Framed even features that other mainstay of ‘70s crime fiction: the downer ending. Not in the “everyone dies” fashion, but more so in an ironic sort of defeatism. The last chapter jumps into third-person and tells us of a man killing off a few cops who are guarding someone in protective custody, someone who is serving as a witness against the mob. The assassin then drowns the witness himself in the ocean. While he is never named, it is implied that the assassin is Ron, who post-vengeance has taken a job with old prison pal Sal Viccarone, who at novel’s end offered him a job in the Syndicate. The irony being that Ron has spent the novel fighting hitmen who blindly followed orders, killing without care, and now he himself has become one of them.
All told, Framed is damn great. There’s a level of introspection that is skillfully worked into the narrative, never slowing it down, just enough to give it an extra dramatic boost. It also has an assortment of memorable characters, and the brutal violence goes beyond some of the men’s adventure novels of the era.
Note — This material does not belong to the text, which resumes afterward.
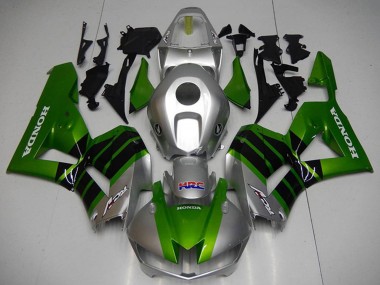 Affordable 2012-2016 Honda CBR1000RR Motorcycle Fairings - Silver Green Glossy Black HRC Australia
About the only misstep is the cover, which is cool enough, but I figure is recycled from something else, as it has nothing to do with the novel. That sunglasses-wearing dude in the snazzy suit sure isn’t Ron Lewis, and the array of profiles behind him doesn’t bear much relation to the characters in the book – I mean, the guy in the hat at the center appears to be Chinese or something, and there isn’t a single Asian in Framed.
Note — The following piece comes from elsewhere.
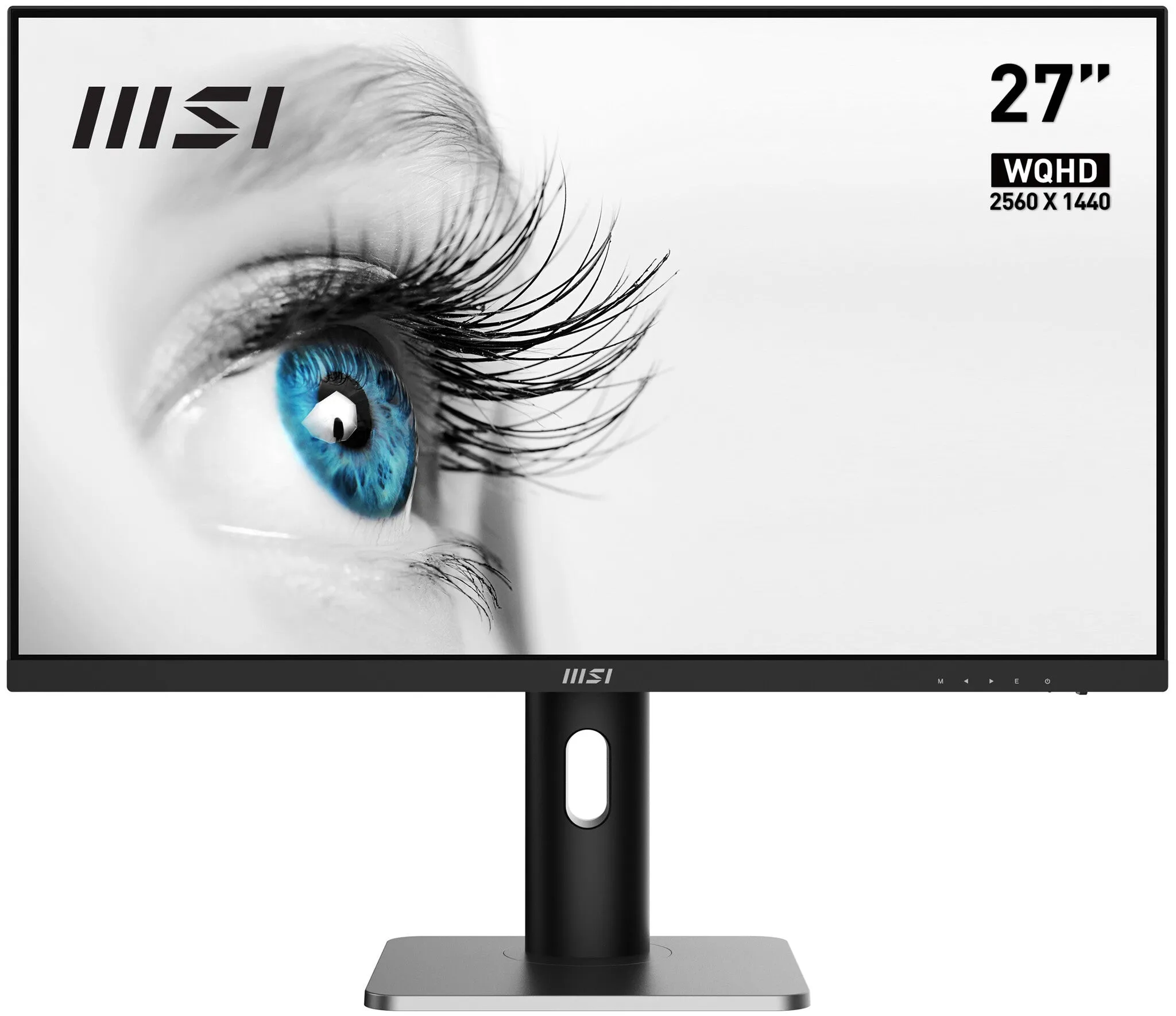 MSI Pro MP273QP 27" Wide Quad HD Monitor - 75Hz, 1ms, IPS, Height Adjustable, Speakers, Black and Silver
As for the film, Framed came out in 1975, but it’s copyright ‘74; Powers’s and Misenheimer’s novel is credited, but they did not write the script. The movie is much inferior to the novel. Joe Don Baker stars as Ron, and admittedly I didn’t picture Baker as the protagonist when reading the novel, but then I can’t think of a single novel in which I ever have. (I still think he made for the best onscreen Felix Leiter though – I mean, at least Baker’s from Texas!). Ron is more fleshed out in the movie, though I feel this detracts from his cipher-like nature in the novel. “I’m a gambler,” he helpfully exposits in the first few moments of the film, and he’s more of a bumbling redneck than the stone cold badass of the book.
The movie drops the template of the novel and follows a linear format, with Ron’s framing and prison service playing out in real time. The manner of Ron’s frame is also changed; in addition to the “wrong place, wrong time” setup of the book, here he’s intentionally framed due to his gambling winnings, which are taken by the corrupt sheriff. The action is also changed from Ohio to Tennessee, making the film part of the slew of “redneck revenge” exploitation yarns that were popular at the time.
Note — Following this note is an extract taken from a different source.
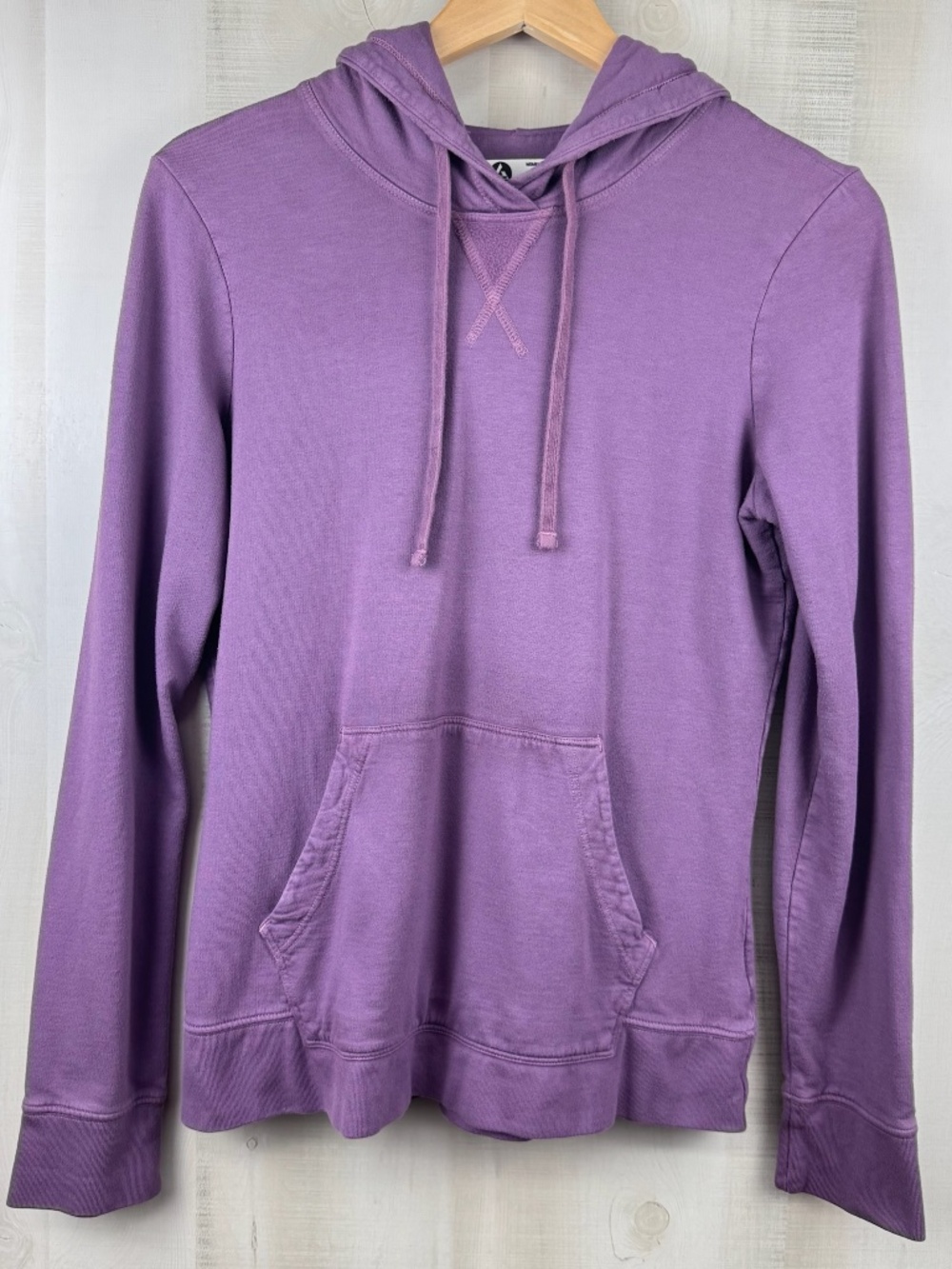 American Giant Women’s Pullover Hoodie Purple Supima Cotton Modal Small FLAW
The producers maintain the violent setpieces of the novel as closely as they can while still making it a mainstream picture; Ron’s brawl with the deputy is bloody, but no eyeballs pop out, and while Ron still shoots off the rapists’s ear he doesn’t blow off his face as in the novel. The action is the most memorable part of the film, in particular the film’s recreation of the scene in which Ron wrecks his car into a train – a stuntman is almost incenerated as he rolls away from the exploding car. All in a day’s work!
Finally, the flick skips the downer, ironic ending and gives us a veritable Happily Ever After, as Ron, his vengeance sated and his money returned, makes off with Susan – who herself has been changed in the film; gone is “Susan Cool,” replaced by a shrill harpy who grates the nerves. All told, the film adaptation of Framed is passable hicksploitation, but doesn’t come close to matching the brutal impact of the novel.